You also wouldn’t tend to see a standalone plot forwarding a long-term character arc on Trek, but here, the experience of having been in each other’s bodies in this most unusual way actually turns D’Argo and Chiana on, inspiring them to immediately do so in the more traditional sense at the end of the episode. With all boundaries crossed between them, they’re finally ready to take their burgeoning relationship to the next level. What other show would have male and female characters swap bodies and not have any of the male characters experience any gay panic or fear of being feminized but instead make them appreciate one another even more and become even more hot for each other? Even John and Aeryn flirt rather outrageously in the final shot!
Meanwhile, for Pilot and anyone who swaps bodies with him, it is a surprisingly profound experience, he having never expected to be separated from Moya again, particularly not so soon after severing their connection in “The Way We Weren’t,” and first D’Argo and then Chiana having to deal with his species’ incredibly complex physiology and multitasking abilities, which prove overwhelming at first. Meanwhile, Pilot’s mind can’t handle the simplicity of their bodies, remaining physically weak throughout the experience, and when in D’Argo, spending most of the time unconscious. While Anthony Simcoe doesn’t get a great deal of time to play Pilot because of this, Gigi Edgley does for a number of scenes and does an absolutely superb job capturing not only his vocal patterns but his fascination and fear at this utterly new experience, as well as his delicate nature. D’Argo and Pilot each gain a newfound understanding of each other:
D’ARGO (in PILOT): The glimpses I get of what you experience, Pilot- they make my own life feel insignificant.
PILOT (in CHIANA): That’s not true, D’Argo.
D’ARGO: It is. I have memories of my son, of a wife, but you have seen the galaxies and the birth of stars.
PILOT: But I have no…no memories of love. Of friendship. None. You have the remarkable memories, D’Argo.

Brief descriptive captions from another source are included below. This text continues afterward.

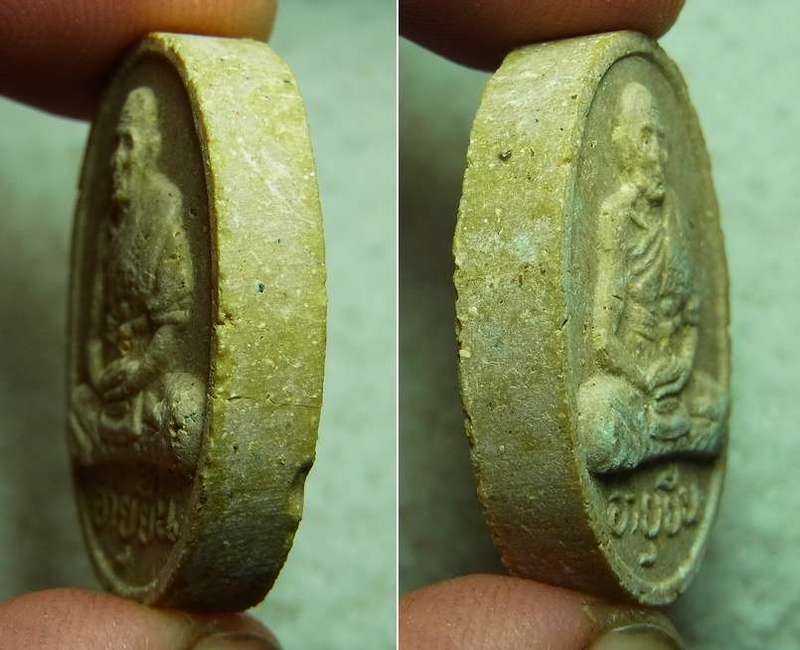 ((หักซ่อม)) พระผงอายุยืน หลวงปู่สี ปี2517 เนื้อผสมชานหมาก สร้างน้อย 2000 องค์ ((หักซ่อม))
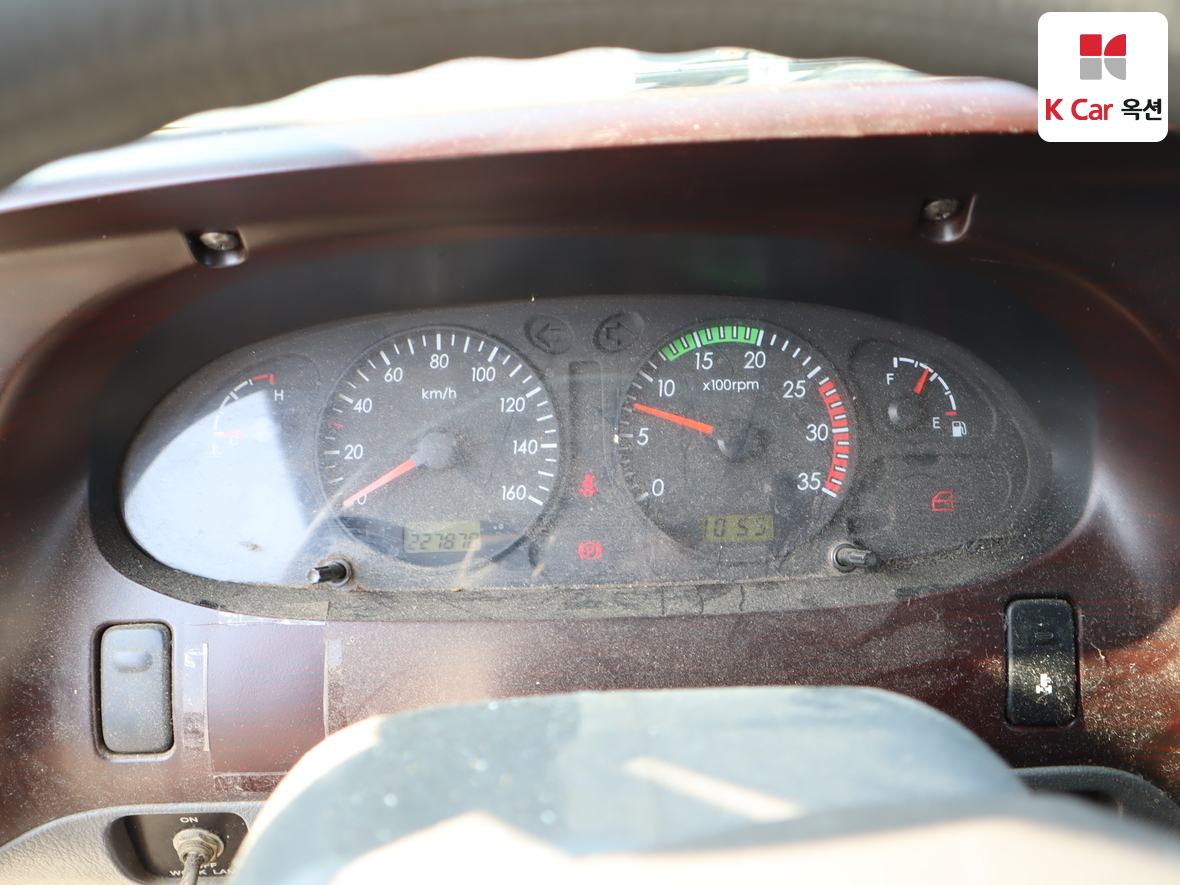 Hyundai Mighty 2010 - Image 5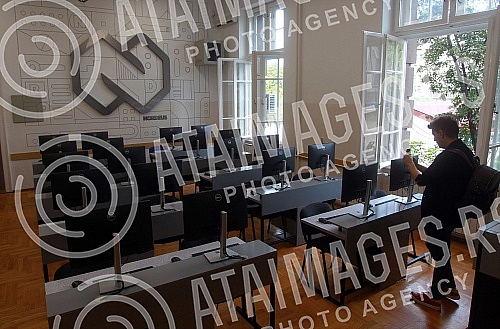 The donation of the company Nordeus to the Faculty of Electrical Engineering, with which this company equipped the faculty's laboratories with 80 of the latest computers and equipment that improves the practical work and training of new generations o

It’s particularly touching and fascinating to hear Pilot speak like this, since he is the one who was so desperate for a life traveling in the stars that he indirectly betrayed Moya’s first Pilot, and yet what he’ll never have is a simple, everyday life of traditional romance, friendship, and love. And yet that doesn’t necessarily mean that Pilot would want to trade lives with D’Argo for good. It’s just that this time inside D’Argo’s body has allowed him to appreciate the positive attributes to the mundane lives of species whose minds and existences are simpler than his, as well as to be able to more adequately reassure D’Argo that even a life that has experienced fewer cosmic wonders than his has its own sorts of awe. Also, he is underestimating how Moya’s passengers feel about him, as he may not have had friendship in the past but he certainly does now.